A second critical moment in cell therapy of the retina is surgical technique. Today there are three main directions in research: 1. subretinal injection of cellular suspension, 2. subretinal implantation of cell plate in form of epithelium, 3. subretinal injection of cell plate on supporting carrier (Fig. 2). Whereas injection of a cellular suspension is technically relatively simple, it is not possible to estimate entirely accurately whether the implanted cells will have the correct apicobasal orientation, and whether they will be capable of forming a functional monolayer with sufficient transepithelial resistance (TER, which indicates the resistance measured between the apical and basal side of the epithelium, in which the value is generally considered an indicator of the integrity of the epithelium). A role is played in this process among other factors by the Bruch’s membrane, which is often pathologically altered in affected patients [37]. Subretinal implantation of a cell plate with or without a supporting carrier requires a demanding surgical technique, which however is balanced by correct apicobasal orientation and in vitro measurable TER, the values of which may help us in advance to determine the quality of the implanted cells. If we implant without a supporting carrier, the cell plate may roll up perioperatively and the cells peel off. If we use a supporting carrier, handling is easier [21], but it is necessary to select a sufficiently porous carrier so as not to form a barrier to the diffusion of nutrients and waste substances.
At present a number of clinical trials are currently under way, here we present one representative of each examined direction.

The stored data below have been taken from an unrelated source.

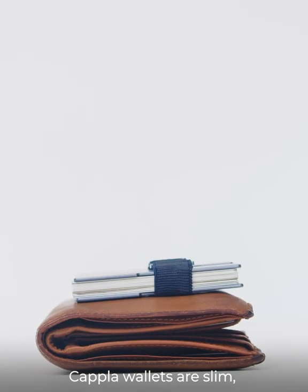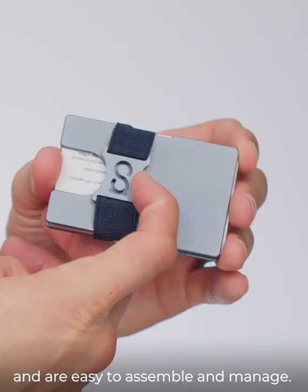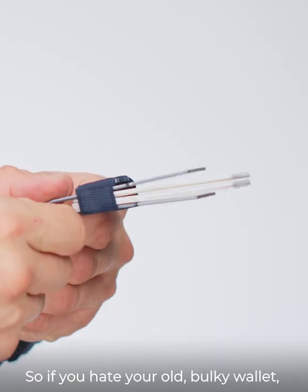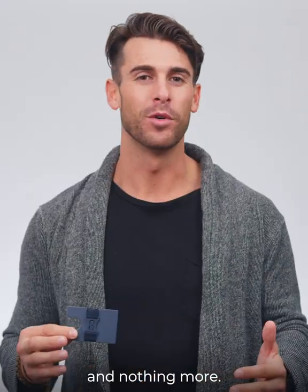Capilla wallets are slim, durable, and lightweight. They hold up to 15 cards and are easy to assemble and manage. So if you hate your old bulky wallet, grab one of these today. They're everything a wallet should be and nothing more.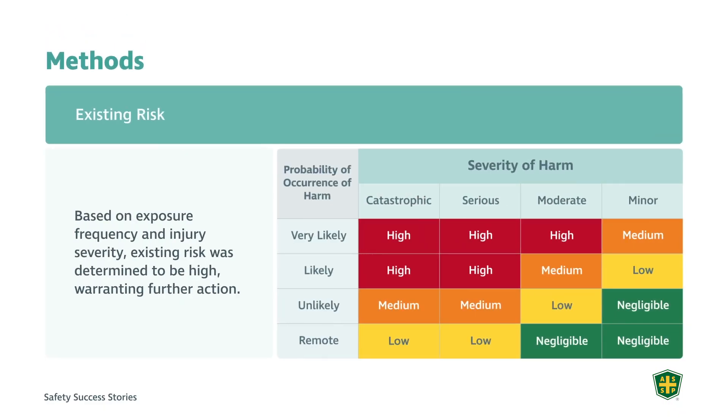As far as existing risk is concerned, I utilized a 4x4 matrix for risk assessment that is in ANSI B11.0. Based on the exposure frequency and the injury severity, I was able to determine that there was a high risk, which warranted further action as a result of the operator's ability to reach into that point of operation.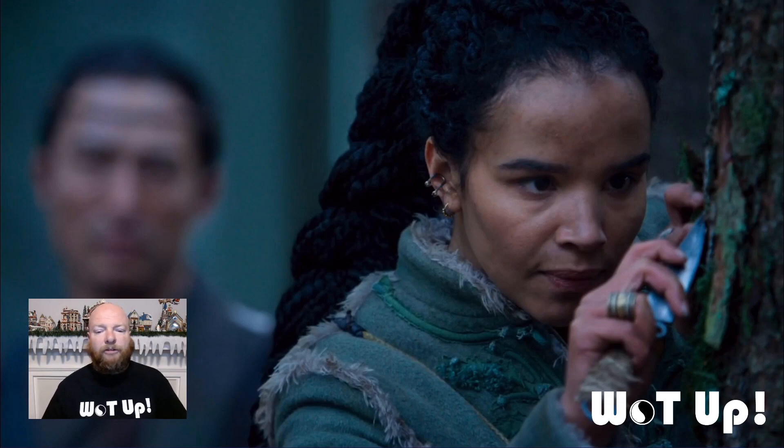Something else I wanted to mention: I couldn't get a good picture of it, but a lot of people have been saying that Nynaeve's earrings are snakes biting their own tail — sort of like the Ouroboros rings we would see in the book series. I couldn't get a good shot of it no matter how often I paused or zoomed in, so if anyone has one, send me a picture — I'd love to see it.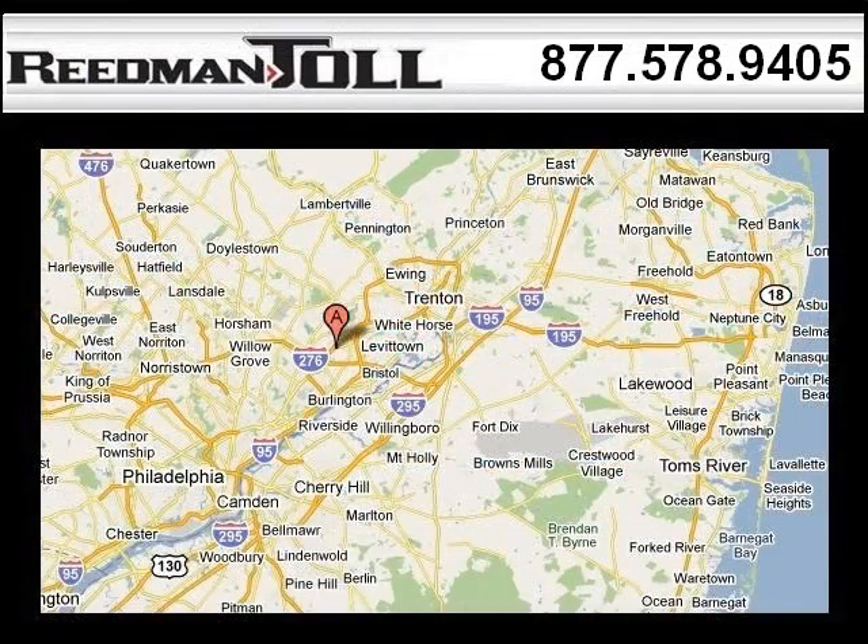Come in today and take a look for yourself. Readman Toll is the dealership for you, conveniently located in Langhorne, PA off of I-95.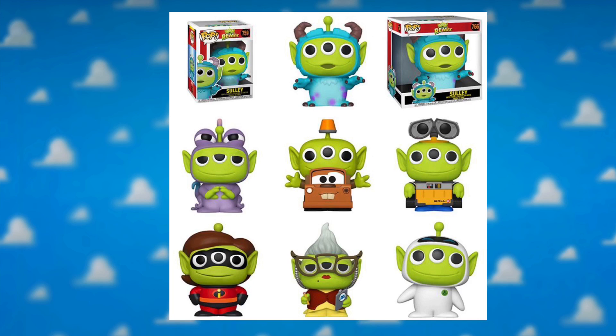Below Sully on the left side of the screen we have Randall. This one looks really awesome and a lot of people seem excited about it. People are saying they should have made a normal Randall pop before this alien remix one — there was a Randall from Monsters University but he was in his school uniform.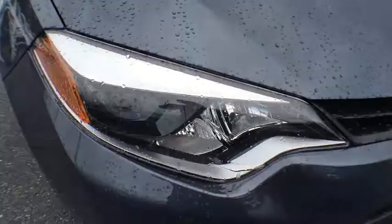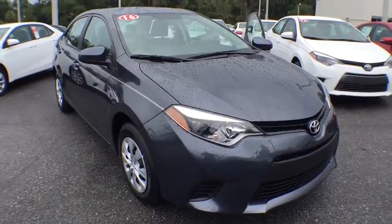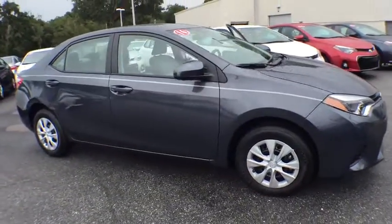The 2016 Toyota Corolla. The Corolla is still a great option for those who want dependability, comfort, and value. Here are some of this vehicle's great options.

In 2016 Schwartz et al. published results of subretinal injection of hESC-RPE suspension into 18 eyes of 18 patients with dry form ARMD, Stargardt’s disease or myopic macular degeneration. Cells were injected into a locality selected in advance on the interface of a healthy and pathological retina. Although pigment clusters were perceptible on the retina following application, increased autofluorescence from the baseline condition, which is considered activity of RPE, was determined in only one case. Despite the fact that this was a study primarily focused on safety, a gain of 14 letters of ETDRS (Early Treatment Diabetic Retinopathy Study) optotypes was recorded in treated eyes in the 12th month in comparison with a gain of 1 letter in the untreated eyes. The frequency of adverse effects was relatively low (1 endophthalmitis, 1 vitritis). It was necessary to use general immune suppression [33].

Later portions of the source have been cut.